La aparente tregua anunciada este viernes en el conflicto laboral de Airbus ha durado apenas unas horas. UGT ha salido al paso del denominado «principio de acuerdo» difundido tras la reunión celebrada en el Ministerio de Industria y acusa directamente a la dirección de Airbus de un «intento de manipulación», al asegurar que el sindicato había alcanzado un entendimiento con la multinacional.
La organización sindical lo niega de forma tajante: «UGT no ha firmado acuerdo ni preacuerdo alguno con la empresa».
La contundente respuesta llega después de que Airbus trasladase públicamente la existencia de una propuesta de entendimiento con ATP, CCOO, SIPA y UGT, organizaciones que reúnen al 88% de la representación sindical de la compañía. El propio ministro de Industria, Jordi Hereu, llegó a hablar ante los medios de un «magnífico principio de acuerdo» tras participar en la reunión junto al consejero delegado de Airbus, Guillaume Faury.
«No ha firmado acuerdo ni preacuerdo alguno»
Según explica el sindicato, durante el encuentro se limitó a recibir formalmente una nueva propuesta de Airbus, pero en ningún momento dio su aprobación definitiva.

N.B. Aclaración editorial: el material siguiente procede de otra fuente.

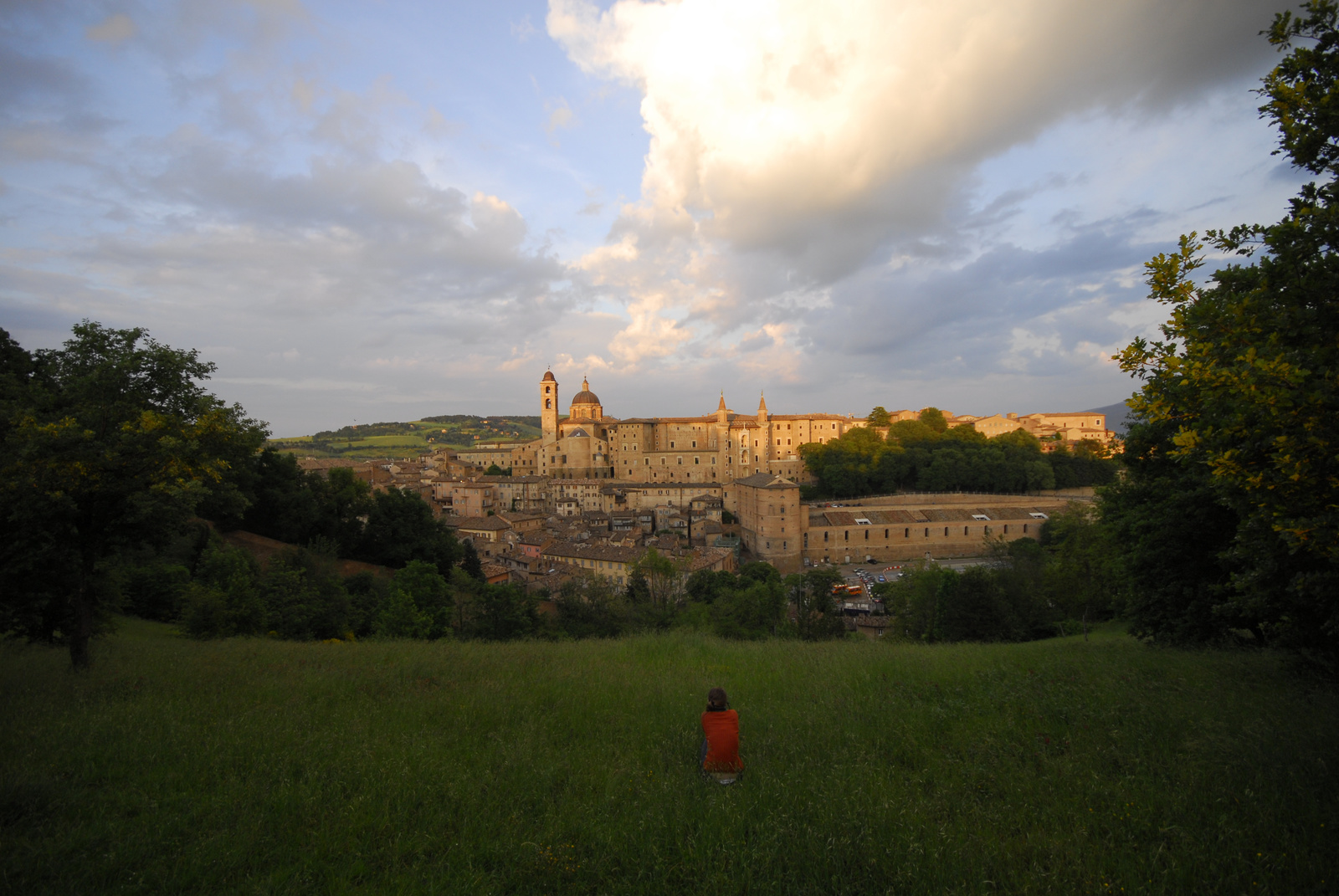 urbino2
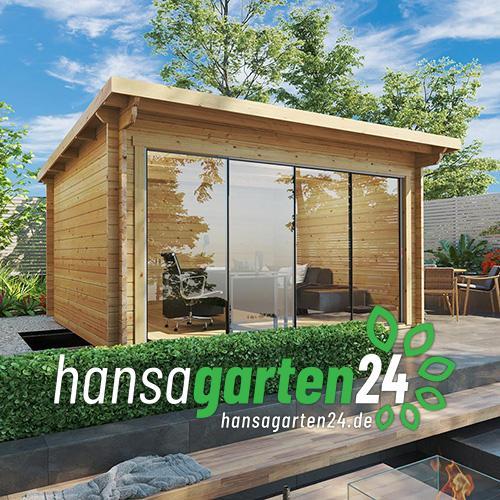 Hansagarten24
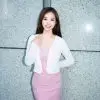 Cloud Nine Body Massage in Tianjin - XiaoBaiCai - Cuimei Health (photo 3)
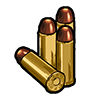 ammo-38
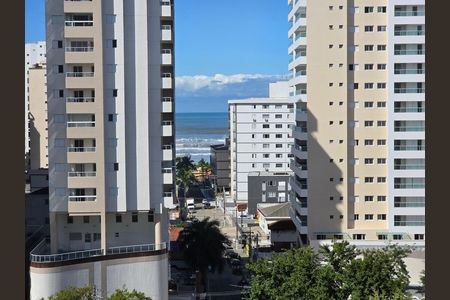 Apartamento para alugar com 120m², 3 quartos e 2 vagas Apartamento para alugar com 120m², 3 quartos e 2 vagasVaranda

UGT asegura además que durante las conversaciones dejó claro que cualquier documento presentado por la empresa tendría que pasar necesariamente por los trabajadores.
El primer paso llegará el próximo lunes, cuando el contenido será debatido en asamblea. Posteriormente podría celebrarse un referéndum.

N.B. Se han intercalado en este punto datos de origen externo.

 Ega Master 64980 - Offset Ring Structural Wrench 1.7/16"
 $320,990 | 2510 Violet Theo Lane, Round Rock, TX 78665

La organización sindical también ha mostrado su malestar por la composición de la reunión celebrada en Industria, ya que dos de los sindicatos convocantes de la huelga, CGT y ÚTIL, quedaron fuera del encuentro.

Airbus vuelve a encontrarse con el rechazo al relato de un acuerdo
El enfrentamiento por cómo se comunica la negociación añade tensión a un conflicto laboral que lleva meses abierto.

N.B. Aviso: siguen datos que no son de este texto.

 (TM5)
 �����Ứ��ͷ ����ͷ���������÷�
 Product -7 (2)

Y existe un precedente reciente que pesa especialmente sobre la situación actual.
El pasado mes de julio la plantilla de Airbus ya tumbó en las urnas otro preacuerdo alcanzado entonces entre la dirección y CCOO, SIPA y ATP. Participó el 81,44% de los trabajadores y el resultado fue un 49,15% en contra, un 45,95% a favor y un 4,62% de abstenciones.
Después de aquel rechazo, el conflicto volvió a recrudecerse hasta desembocar en la actual huelga indefinida, iniciada el 25 de agosto y convocada por CGT, UGT y ÚTIL.
La tensión tampoco disminuyó cuando Airbus pidió recientemente una suspensión temporal de los paros para continuar negociando. La respuesta de los trabajadores fue contundente: el 81,2% votó en contra de detener temporalmente la huelga.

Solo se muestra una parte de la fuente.